People in Minnesota 'are practical'
“The people in our state are practical about this,” said Sen. Amy Klobuchar, D- Minn., who said her constituents would not be disappointed that there wouldn’t be total troop withdrawal under the Democratic plan. “People are practical about the fact that they know we need Special Forces there, we need to have people guarding the embassies; we need to have people training police. What they want to do is to make it clear we’re not going to be there indefinitely…. This is very consistent with what the people wanted.”
She acknowledged that if the Levin-Reed amendment became law, she and Bush could well have different ideas about what a “limited presence” in Iraq would be, but she said, “When you have the whole country watching this administration and cynical about this administration, they can’t say a limited presence is 150,000.”
Likewise one anti-war group signaled its willingness — for now — to live with the Levin-Reed measure.
In an e-mail to its members, the anti-war group Progressive Democrats of America Tuesday urged them to “Tell Democrats that even if the Levin-Reed amendment passes, their work is NOT done. The Levin-Reed Amendment does not end the occupation and it leaves too many troops and all military contractors behind in Iraq.”
The e-mail said that the amendment “would begin to bring some troops home, but would NOT end the occupation!”
Home by the holidays?
But despite the e-mail’s militant tone, Tim Carpenter, executive director of Progressive Democrats of America said in an interview Tuesday that passage of amendment would be “a good first step” and that “in the months ahead” his group would urge senators to “step forward to offer an amendment to bring the troops home by the holidays.”
He said his group had both an “outside” and “inside” strategy, with the latter focused on conversations with Democratic senators and staff members. “Our work inside is incremental,” he explained. “We’re going to push for a vote on no permanent (U.S.) bases” in Iraq, a stance that appears to be at odds with Democratic leaders such Sen. Barack Obama, D- Ill., and Sen. Hillary Clinton, D- N.Y., both of whom have spoken of the need, as they see it, for some U.S. forces to remain in Iraq.

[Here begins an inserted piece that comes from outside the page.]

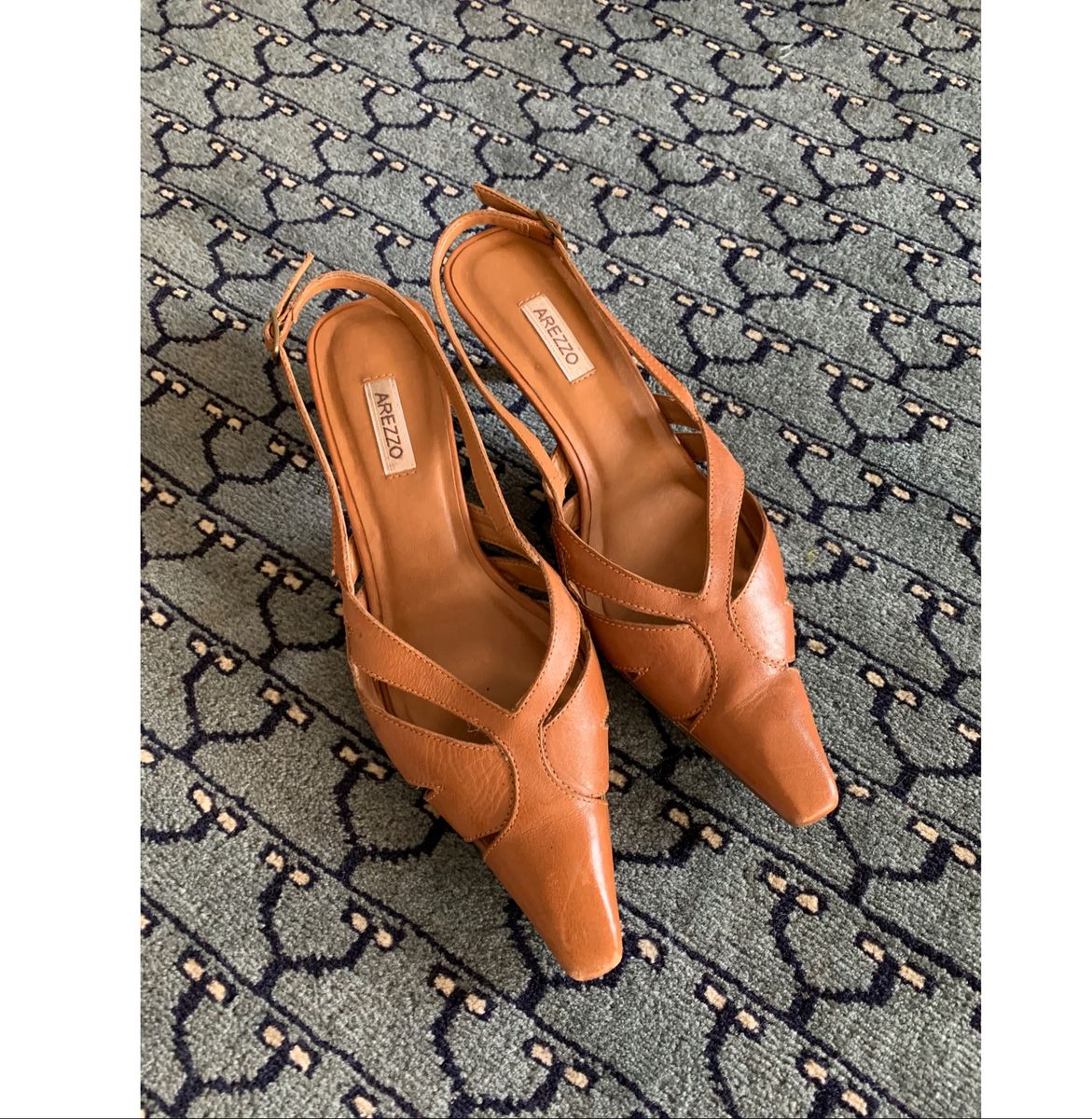 sapato fechado arezzo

“No permanent bases is a line in the sand for progressive Democrats,” Carpenter said.
In an alternative to the Levin-Reed proposal, Sen. Mary Landrieu, D- La., offered her own plan Tuesday to re-focus U.S. forces on the hunt for Osama bin Laden and the al Qaida network, with troops being moved from Iraq to Afghanistan.
She would leave to Bush and military commanders the timing, pace and magnitude of the shift of forces.
Re-focus on Afghanistan
“Either to continue to spend money in Iraq where Osama bin Laden is not, or to bring the troops home and say ‘we’ve done all we can on terrorism’ — neither one is correct,” the Louisiana Democrat said.
She said she didn’t support a funding cutoff for either Iraq or Afghanistan operations. “I don’t believe in drying up the money; I believe we’re in a very serious war against terrorism. I just disagree where the front line is.”
As for the Bush administration argument that withdrawing U.S. troops from Iraq would create the risk of a failed state and a haven for more terrorists, Landrieu said, “That’s a legitimate question. That is why I’ve not been the one to argue for an immediate pullout or an immediate draw-down. But I cannot understand why we are not trying to redirect our resources in a more appropriate and even way across the front line of terror.”
Last week Senate Majority Leader Harry Reid said that under the Democrats’ plans for Iraq “tens of thousands” of troops could remain. But on Monday Reid said the number of soldiers remaining would be “in the low thousands” if Democrats pass the Levin-Reed measure.
The Senate will vote Wednesday on a motion to cut off debate on that amendment; it needs 60 votes in order to succeed.